Monday, March 31, 2008

For I Have Measured out my Life in Dubble-Bubble

The true extent of the economic downturn, as it is politely called but really translates as the end of our world as we knew it, is not the $4.00 gallon of gas but the 50 cent piece of bubble gum. I got through most of my intellectual(such as it was) growth by balancing all my esoteric studies and learning and yearning and striving by reading Love Comics at Bryn Mawr while chewing Bazooka bubble gum or Fleer's Dubble Bubble.
Although this clearly, as I was to discover later in life, played havoc with my teeth and gums, it did handle the fact that I was always in love with the wrong narcissist(George Segal in college, Tony Perkins in my early days in H'wood, before they or I knew what gay was and it might not have mattered anyway, I so adored how smart and gifted he was, and was grateful for his pride and admiration for my creativity.) Chewing feverishly eased my frustration and thwarted lust.
As I wandered the world which I did even as a young striver I went to a-- I cannot quite call them a bevy, as they were none of them particulalry comely with the exception of Pattie in her youth, --fortune tellers, none of whom had the answer to my destiny, as the answer is usually in yourself or destiny, which is very mysterious.-
. Nonetheless wherever I wandered I had my fortune told, which is more exotic in Hong Kong than most places where you toss sticks in a temple. But it is none of it as satisfying even though incorrect as it is when you open the fortune cookie that says 'Your luck has been completely changed today' on the Fleer's Dubble Bubble Fortune in 4 different languages which it used to be if you you traveled far enough or wide.

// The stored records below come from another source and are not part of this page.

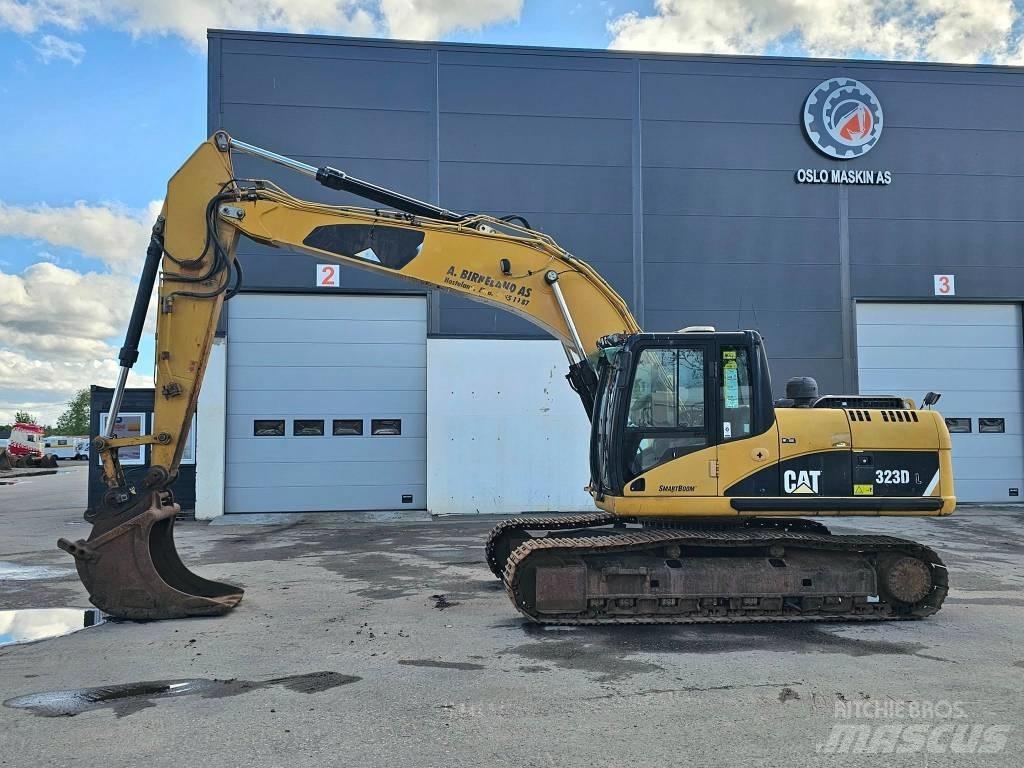 CAT 323 D L Гусеничные экскаваторы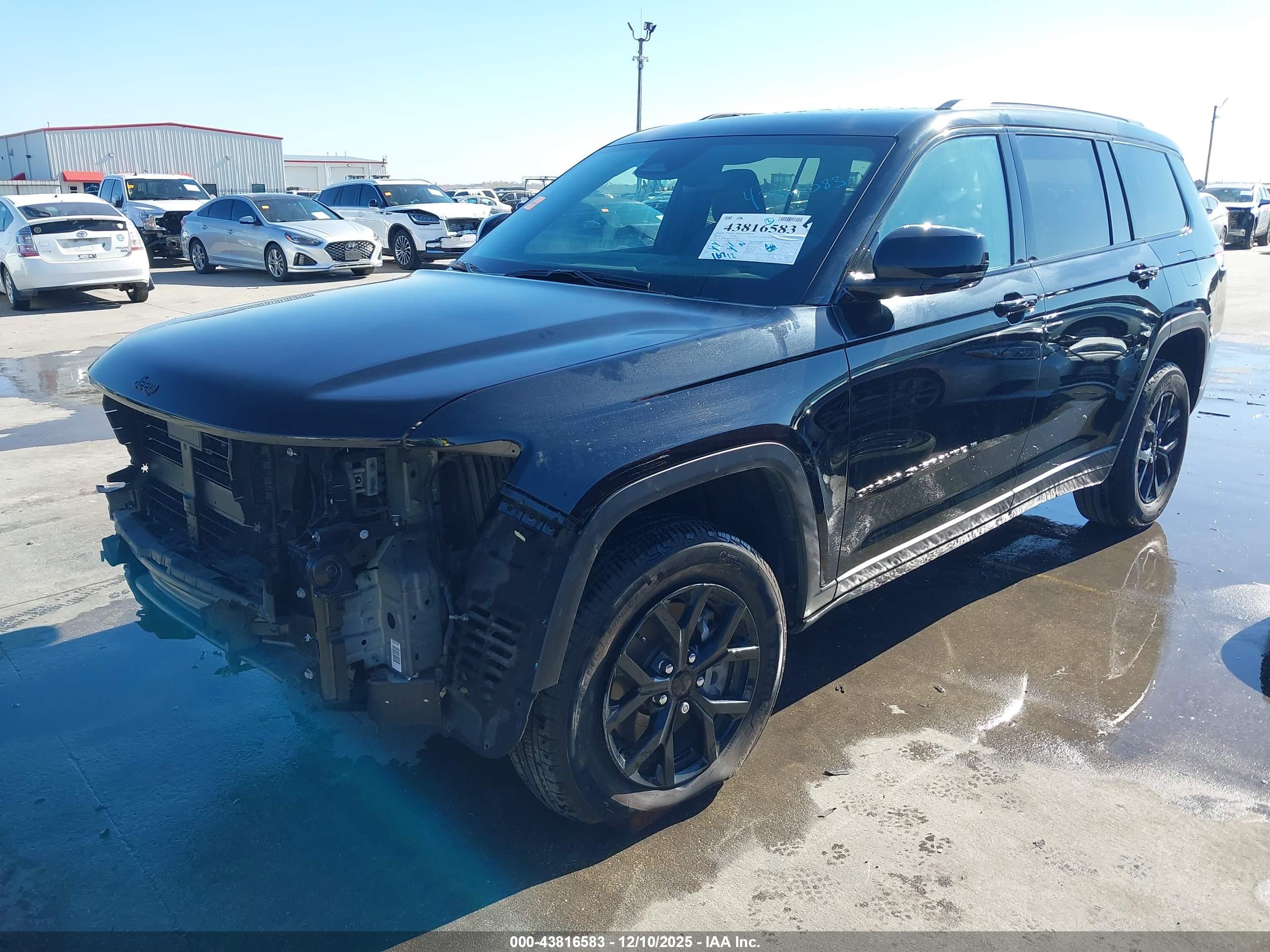 JEEP GRAND image 2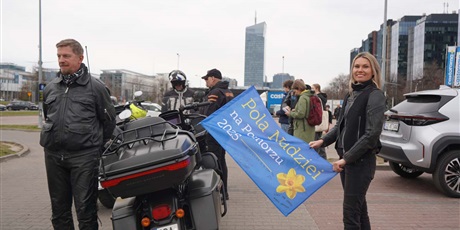 Powiększ grafikę: pola-nadziei-2025-pomagamy-juz-10-lat-603024.jpg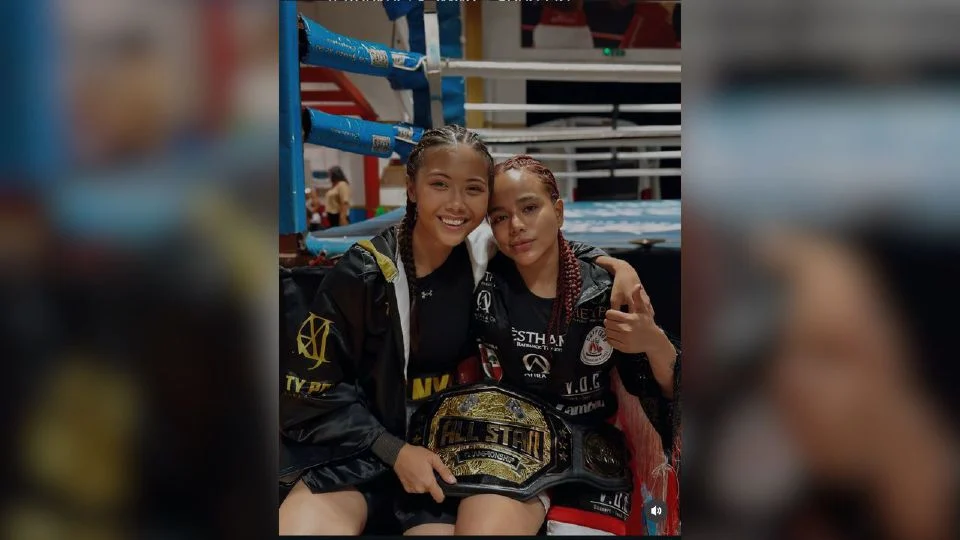 Trisha Ooi Tumbangkan Dinda Anwar, Bawa Balik Tali Pinggang Dari Dubai!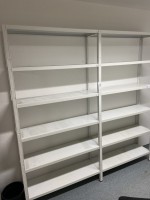 5571.39 => 1 Pos. Fachbodenregale, ca. 4 lfm. (Stecksystem)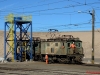 Chile 03: SQM Tocopilla: Der Frühzug aus Tocopilla hat nach zweistündiger Bergfahrt den Endbahnhof der Fahrleitung, Barriles, erreicht. Hier setzen die beiden GE-Boxcabs #607 und #604 um. Im Gegensatz zu ihrer wenig jüngeren Schwester verfügt letztere noch über die ursprünglichen, kleineren Frontfenster. -  Foto: Thomas Kabisch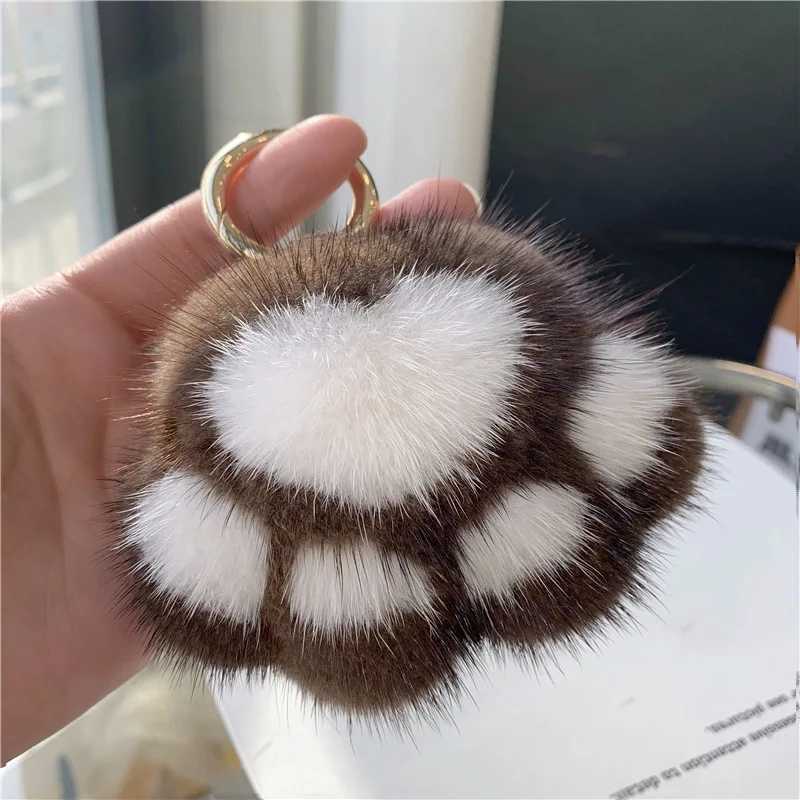 Pendant Keyrings Gift Plush Cute Cat Claw Real Mink Fur Keychain Women Bag Ornaments Small Paw Toy Soft Pom Ball Car KeyL240729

Once I took a ship from Italy to San Francisco hoping to find out what my fortune was or if, indeed, I had one, and when I got to the last night of the voyage on which everyone on the ship except me was violently seasick-- I think it was the President Wilson on which I was traveling coolie class- I went to the Banquet that was to be the finale, -- with everything roped, chairs, tables, food, as the seas were so violent everything was sliding, including the people who were all in their cabins throwing up, except me-- and there before me were several hundred tables with roped crystal and roped china and nobody eating the Oriental feast, but all the tables laid with piles of fortune cookies. At last! I cried inside myself, enough fortunes! and nobody to go through them, but me. So I went to every table and opened all the cookies, and they were all homilies and bullshit except for the very last one that I opened with shaking fingers: 'You will go on a long voyage," it read.,'to no advantage.'
SInce that time I have resorted to colorogy, my own form of numerology, where you put the money in the machine and the gumball rolls down, and whatever the color is is what you can expect. Red is passion,(not very likely) yellow is luck(one can always hope) Green is money(ditto) orange is lust( still?) white is purity(what choice does one have?) and blue is spiritual growth. Today, on the heels and toes and instep of our latest disastrous figures, I went next door to my sushi restaurant,-- where the Dubble Bubble gumballs are. What was, when last I gumballed,, a quarter a ball, is now 50cents. Not to be deterred(I have no plans to go to France what with the euro and how stupid and ruined we are) I thought I could at least get a piece of gum. The pinlk one(love) rolled directly onto the street, and the man who owns the market felt compassionate, so he put 50 cents in for me. It was yellow, but that one, too, fell directly onto the sidewalk. He indulged me in one more, and I caught it in my hand. Blue. Spiritual growth. Well, I guess that's the only option we have. All the same it caught in my teeth and I have to go to the dentist.
It doesn't really matter that T.S. Eliot was an anti-Semite. He wrote really good poems that Jews can read.